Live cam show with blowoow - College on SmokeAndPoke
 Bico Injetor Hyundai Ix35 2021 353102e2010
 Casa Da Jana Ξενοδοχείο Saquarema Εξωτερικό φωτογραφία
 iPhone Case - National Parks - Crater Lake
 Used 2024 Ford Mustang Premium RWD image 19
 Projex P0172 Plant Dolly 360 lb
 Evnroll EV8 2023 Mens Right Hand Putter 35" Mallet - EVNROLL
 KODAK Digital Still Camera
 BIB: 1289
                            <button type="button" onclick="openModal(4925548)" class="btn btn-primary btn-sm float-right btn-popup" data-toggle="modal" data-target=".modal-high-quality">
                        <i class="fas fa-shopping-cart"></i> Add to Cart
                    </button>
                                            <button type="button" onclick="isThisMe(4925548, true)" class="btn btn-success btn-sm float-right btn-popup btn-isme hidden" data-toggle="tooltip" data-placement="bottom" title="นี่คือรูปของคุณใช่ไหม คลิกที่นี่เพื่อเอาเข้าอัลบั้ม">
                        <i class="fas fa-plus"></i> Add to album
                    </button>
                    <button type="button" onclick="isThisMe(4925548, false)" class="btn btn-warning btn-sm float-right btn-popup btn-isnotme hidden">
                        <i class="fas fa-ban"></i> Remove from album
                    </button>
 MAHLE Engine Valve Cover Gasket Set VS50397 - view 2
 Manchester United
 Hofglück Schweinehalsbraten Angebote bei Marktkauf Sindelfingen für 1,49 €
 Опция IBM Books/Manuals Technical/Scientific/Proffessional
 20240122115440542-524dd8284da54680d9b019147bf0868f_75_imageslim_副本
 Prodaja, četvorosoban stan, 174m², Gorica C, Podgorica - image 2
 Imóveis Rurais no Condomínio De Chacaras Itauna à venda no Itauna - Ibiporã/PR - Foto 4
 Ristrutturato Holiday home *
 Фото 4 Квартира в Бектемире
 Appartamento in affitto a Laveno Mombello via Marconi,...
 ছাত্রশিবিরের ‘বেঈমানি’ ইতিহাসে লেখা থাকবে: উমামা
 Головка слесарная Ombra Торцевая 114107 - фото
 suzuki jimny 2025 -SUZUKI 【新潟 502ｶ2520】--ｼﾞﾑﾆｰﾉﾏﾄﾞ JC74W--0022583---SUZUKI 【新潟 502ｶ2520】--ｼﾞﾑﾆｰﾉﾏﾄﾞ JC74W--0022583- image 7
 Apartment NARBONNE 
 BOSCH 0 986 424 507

——

• [The problem] Scan the listing above and identify each line holding the string "album"; copy every such line.

• [Written solution]
                        <i class="fas fa-plus"></i> Add to album
                        <i class="fas fa-ban"></i> Remove from album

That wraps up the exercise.